So I am about to start work on a Linux Server I'm trying to decide what OS to use, Ubuntu Server, Fedora Server, OpenSUSE, CentOS I would like peoples personal oppinions on what they think would be the best for realablity stability and manageability.
Fedora Server and CentOS are RPM-based. Fedora Server has newer packages IIRC. CentOS is basically the community version of RHEL and its packages are older, and therefore more stable.
Debian and Ubuntu Server are APT-based. Debian's packages are really old and is like CentOS. Ubuntu Server might have newer packages, but I believe the main appeal of Ubuntu Server is the inclusion of administration tools by Canonical.
There is no "best" server distro, it all depends on what you want to do with it.

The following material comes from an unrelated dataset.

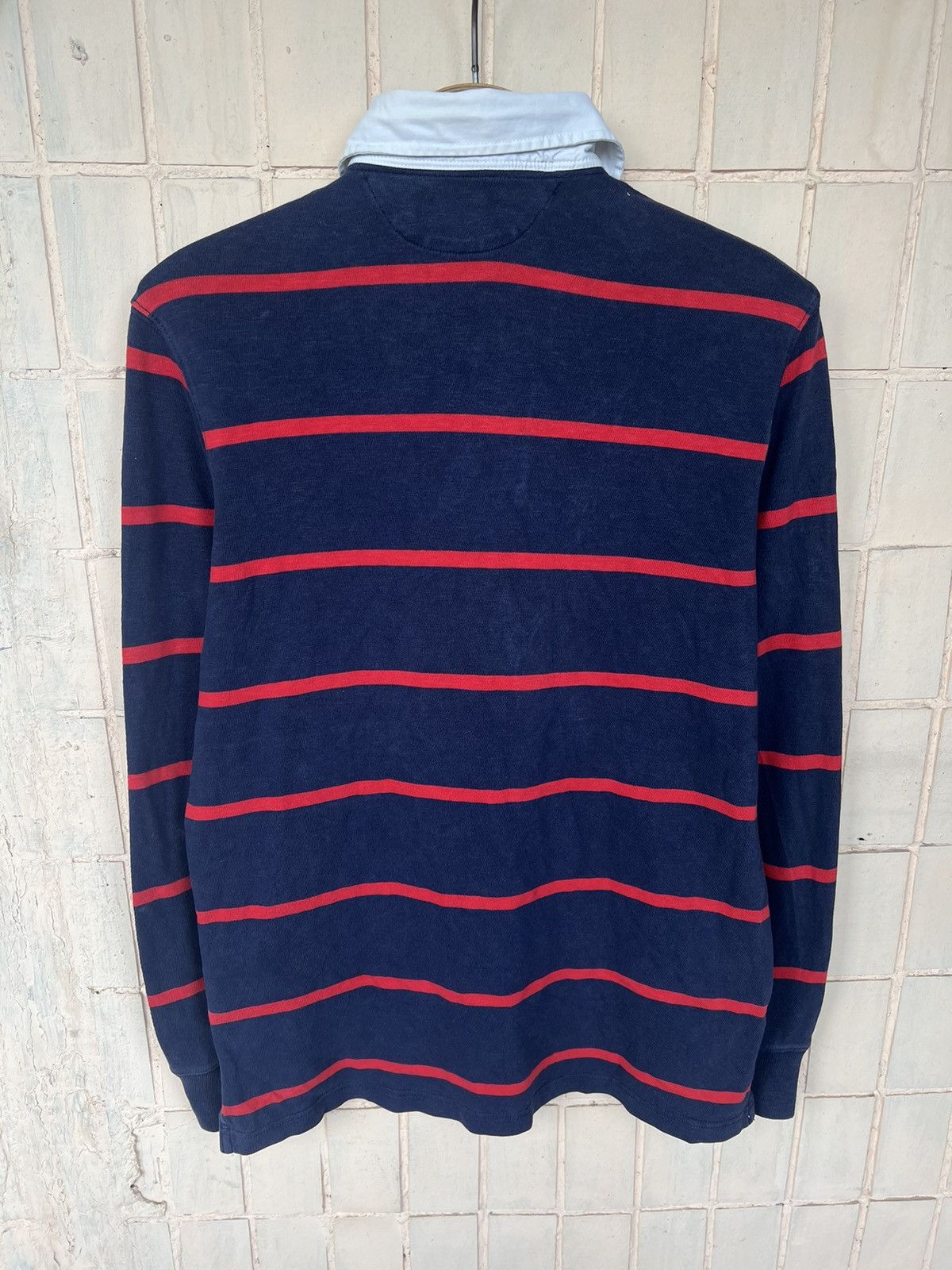 Polo Ralph Lauren Vintage 90s Polo Ralph Lauren Rugby Long Sleeve Shirt Size US S / EU 44-46 / 1 - 19 Thumbnail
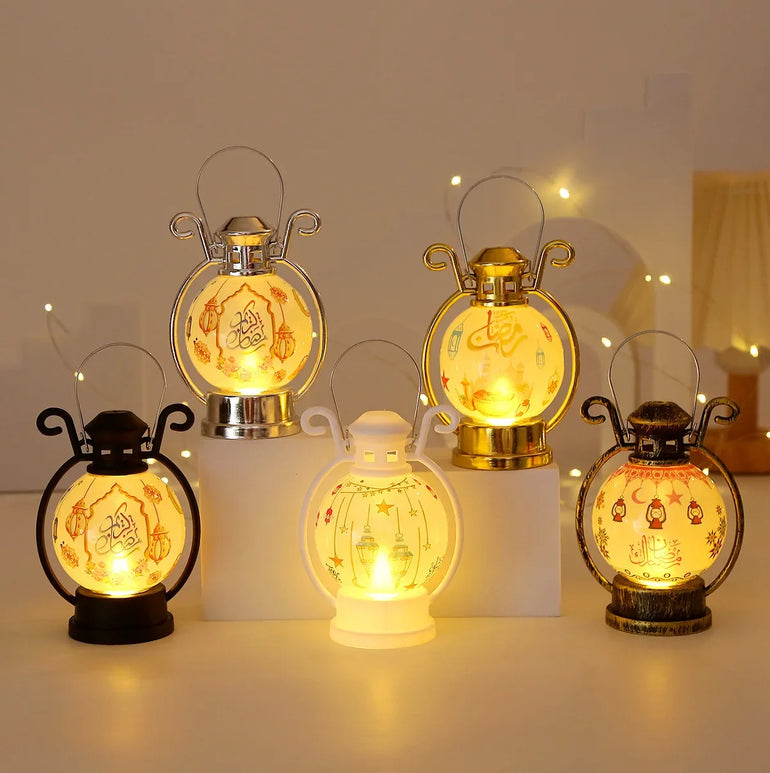 2025 Ramadan LED Lantern Light Eid Mubarak Decoration for Home Islamic Muslim Festival Party Ramadan Kareem Decor EID Al Adha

If you need a minimal server, debian is often a good choice, because it's old and doesn't have much updates, but the security list is very good, so any new issues that are discovered are patched very rapidly.
If you need maximum functionality, OpenSuSE is incredible, especially for hybrid networks.
If you need maximum support, CentOS/Scientific/Fedora is the closest to RHEL you'll get. If you want to set up Docker-type services, Fedora is the way to go.
If you want to get the most out of really limited unlikely server hardware, slackware is incredible.
In some environments that standardize on it, Ubuntu Server is the best choice for the management tools and platform unification.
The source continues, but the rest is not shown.